A exercise in a measure textbook I own asks: Give an example to show that the conclusion of the dominated convergence theorem (DCT) may cease to hold if we drop the domination assumption even if we additionally assume that $µ(X) < ∞.$ I'm unsure of how to find this result, here is what I've found so far:
The assumption in the DCT states there is an integrable $g: X→\mathbb{R}$ such that $|f_n(x)|≤g(x)$ for every $n\in\mathbb{N},$ hence without this we could say $|f_n(x)|= ∞$ for some $n\in\mathbb{N}.$ With this knowledge if I say $f_n(x)=1_X\frac n{n-1}$ then $\lim_{n\to ∞}\int_Xf_n(x)dμ=\int_X1_Xdμ$ which satisfies the theorem as $\lim_{n\to∞}f_n(x)=f(x)=1_X$? I'm confused as to what I've done wrong and what I could do to get the result the exercise is requesting, if I'm not on the right track here where would be a better place to start? Any help will be greatly appreciated.

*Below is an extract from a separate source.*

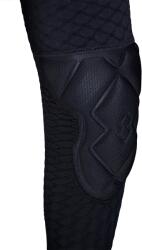 ERREA Könyökpárna Errea Artio S/M fekete|sárga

The intuition for how you can fail to have convergence of integrals when you do have a.e. convergence is either "compressing an area down to a null set" or "moving an area to infinity". In either of these cases you can have a.e. convergence to zero without the integrals going to zero. The latter is impossible with a finite measure space, but the former is still possible.